N-Gram

N-Gram Tokenisation Language-Modelling Text-Analysis Information-Retrieval Similarity Needs-Review

What it is

An n-gram is a contiguous sequence of n items drawn from a stream of text. The items are most commonly words (word n-grams) or characters (character n-grams), and n is a small positive integer. A sequence of two items is a bigram, three items a trigram, and one item a unigram. For n ≥ 4 the terms “4-gram”, “5-gram”, and so on are standard.

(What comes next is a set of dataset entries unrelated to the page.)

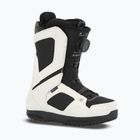 Női snowboard cipők RIDE Sage W white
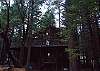 Conlan Cabin
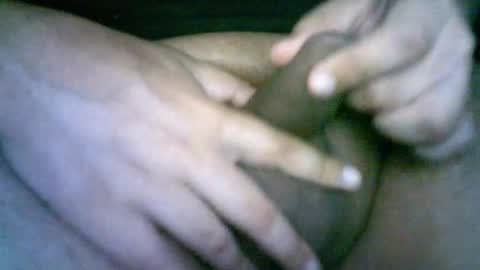 Snapshot of fernanhot_ chatting on October 10, 5:02 am Fer online show from October 10, 5:02 am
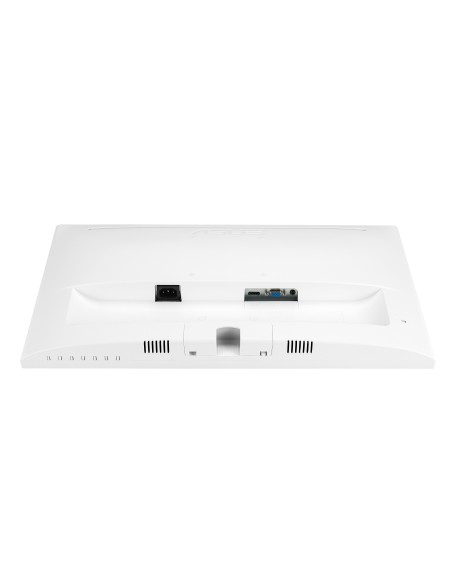 ASUS VY279HGR-W Monitor PC 68,6 cm (27") 1920 x 1080 Pixel Full HD LCD Bianco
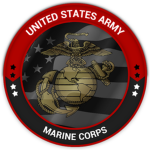 [USNASM] United States Marine Corps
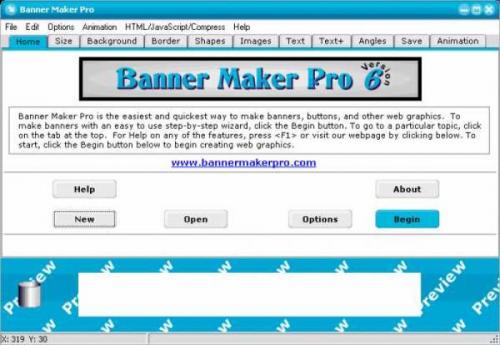 Banner Maker Pro 7.05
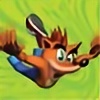 Crashpro's avatar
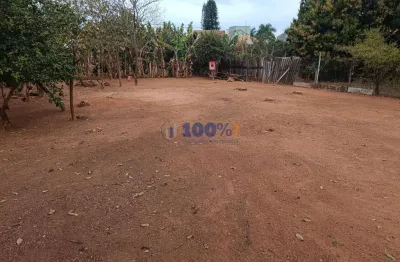 Terreno à venda na helena dos santos alves, ao lado 13, parque da imprensa, mogi mirim por r$ 175.000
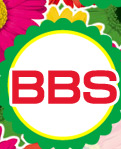 �󃄃�BBS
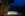 Wellness, Pytloun Wellness Hotel Harrachov ****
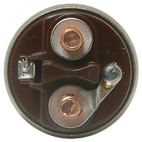 Startrelæ 12V, MT68/71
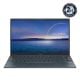 Εικόνα της Laptop Asus Zenbook 14 UX425EA-WB503T 14" Intel Core i5-1135G7(2.40GHz) 8GB 512GB SSD Win10 Home 90NB0SM1-M12290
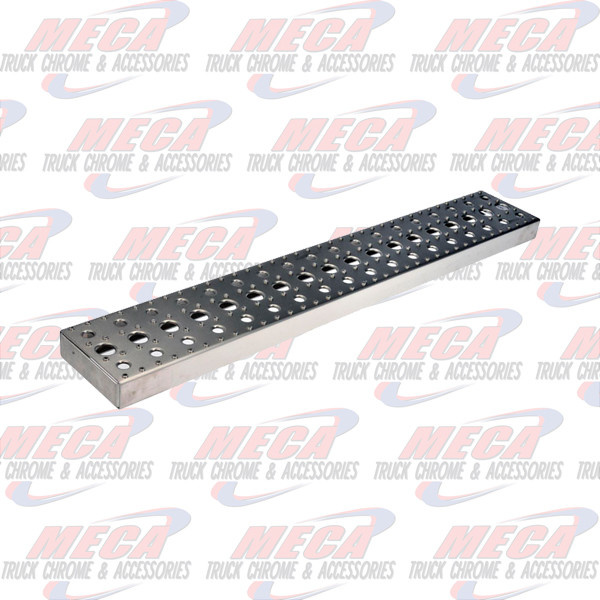 TRUCK CAB SIDE STEP CASCADIA, M2 2003-2015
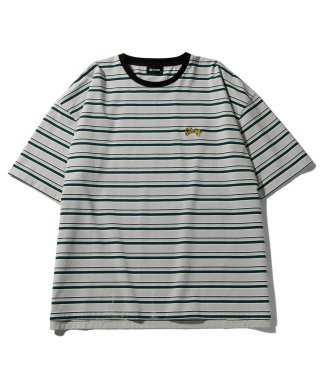 半袖Tシャツ - Subciety Online Store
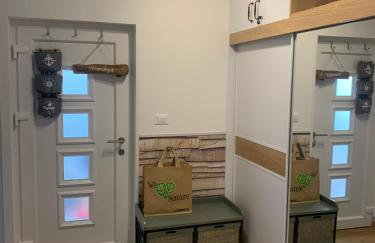 Casa Panorama Lovran - Sea View Apartment NEW! - Photo 17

N-grams are one of the oldest and most broadly applied primitives in NLP. The same mechanism — slide a window of width n across a sequence and emit each window’s contents — underpins language model probability estimation, full-text index construction, spelling correction, document similarity, and plagiarism detection.

How it works

Given a token sequence, a window of width n slides one position at a time from left to right. At each position, the n tokens currently inside the window form one n-gram. A sequence of L tokens produces L − n + 1 n-grams (assuming no padding).

For character n-grams, the same logic applies at the character level rather than the word level. The string "fox" with n = 2 produces: fo, ox.

The mechanics in Python:

def ngrams(tokens: list[str], n: int) -> list[tuple[str, ...]]:
    return [tuple(tokens[i : i + n]) for i in range(len(tokens) - n + 1)]

tokens = ["the", "quick", "brown", "fox"]
print(ngrams(tokens, 2))
# [('the', 'quick'), ('quick', 'brown'), ('brown', 'fox')]
print(ngrams(tokens, 3))
# [('the', 'quick', 'brown'), ('quick', 'brown', 'fox')]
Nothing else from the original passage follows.